The holiday season puts me in the mood to cook up tasty treats. I came across Ina Garten’s recipe for Chipotel and Rosemary Nuts, in the Food Netwok magazine. I have already divulge my passion for peanut butter- so there is no doubt I am in love with nuts as well. I took her recipe, cut it in half and made a couple of changes. These are delicious! A must to make for any occasion.


  • 2 Cup of Pecans – 1 1/4 Cup of Pecans    
  • 2 Cups Walnut Halves – I don’t like walnuts
  • 3 Cups of  unsalted cashews 1 1/4 Cup of  unsalted Cashews           
  • 1/2 Cup of Almonds  – 1 1/4 Cup of Almonds      
  • 1/3 Cup of Maple Syrup – Did not have any maple Syrup. 1/8 Cup of Agave
  • 1/8 Cup of Brown Sugar – 1/8 Cup of Brown Sugar                                                  
  • 3 Tablespoons of freshly squeezed Orange Juice 2 Tablespoons of Tropicana Orange Juice (No Pulp)                                                                                           

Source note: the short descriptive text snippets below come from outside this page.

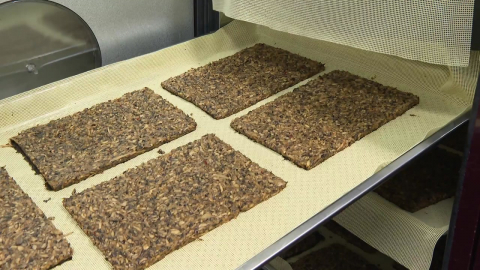 "고기 맛 버섯포"…버섯의 화려한 변신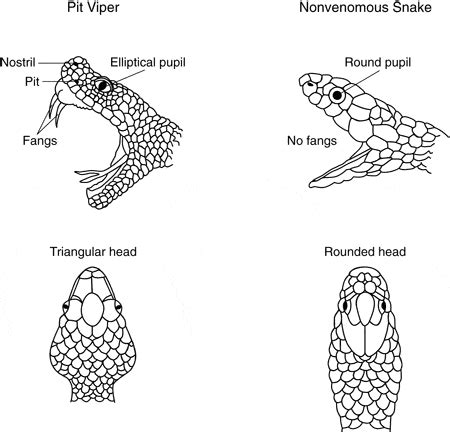 Venomous Versus Non Venomous Snakes Blog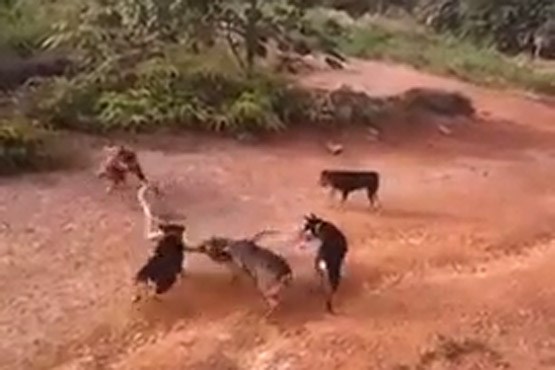 حمله سگ ها به شاه کبرا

  • 2 Teaspoons of ground Chipotle Powder- 1 1/2 Teaspoon of ground Chipotle Powder
  • 4 Tablespoons of minced fresh Rosemary Leaves2 Tablespoons minced fresh Rosemary Leaves                                                                                                         

Preheat the oven to 375 Degrees. Spray a sheet pan with butter. Pour Almonds, Pecans and cashews in a bowl. Add the Orange Juice, one egg white, Brown Sugar, and Agave. Stir with a spatula. Then add the Chipotle Powder and Minced Rosemary Leaves. Stir well. Pour the nuts on the sheet pan. Place in oven for 25 minutes. Stir at least twice before removing. Let cool and enjoy!